Johannes Heiny: Recent advances in large sample correlation matrices and their applications

15 March 2021 16:00 | Add to my calendar

Many fields of modern sciences are faced with high-dimensional data sets. In this talk, we investigate the spectral properties of large sample correlation matrices.

First, we consider a p-dimensional population with iid coordinates in the domain of attraction of a stable distribution with index α ∈ (0,2). Since the variance is infinite, the sample covariance matrix based on a sample of size n from the population is not well behaved and it is of interest to use instead the sample correlation matrix R. We find the limiting distributions of the eigenvalues of R when both the dimension p and the sample size n grow to infinity such that p/n→ γ. The moments of the limiting distributions Hα,γ are fully identified as the sum of two contributions: the first from the classical Marchenko-Pastur law and a second due to heavy tails. Moreover, the family {Hα,γ} has continuous extensions at the boundaries α = 2 and α = 0 leading to the Marchenko-Pastur law and a modified Poisson distribution, respectively. A simulation study on these limiting distributions is also provided for comparison with the Marchenko-Pastur law.

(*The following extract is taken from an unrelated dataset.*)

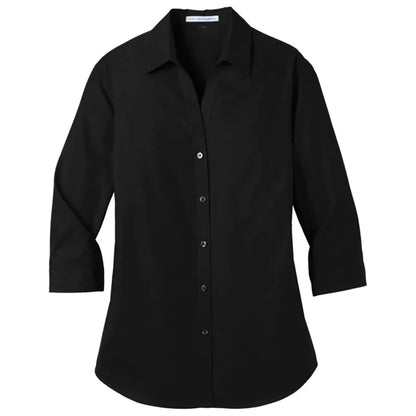 Port Authority Ladies 3/4-Sleeve Carefree Poplin Shirt.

In the second part of this talk, we assume that the coordinates of the p-dimensional population are dependent and p/n ≤ 1. Under a finite fourth moment condition on the entries we find that the log determinant of the sample correlation matrix R satisfies a central limit theorem. In the iid case, it turns out the central limit theorem holds as long as the coordinates are in the domain of attraction of a stable distribution with index α > 3, from which we conjecture a promising and robust test statistic for heavy-tailed high-dimensional data. The findings are applied to independence testing and to the volume of random simplices.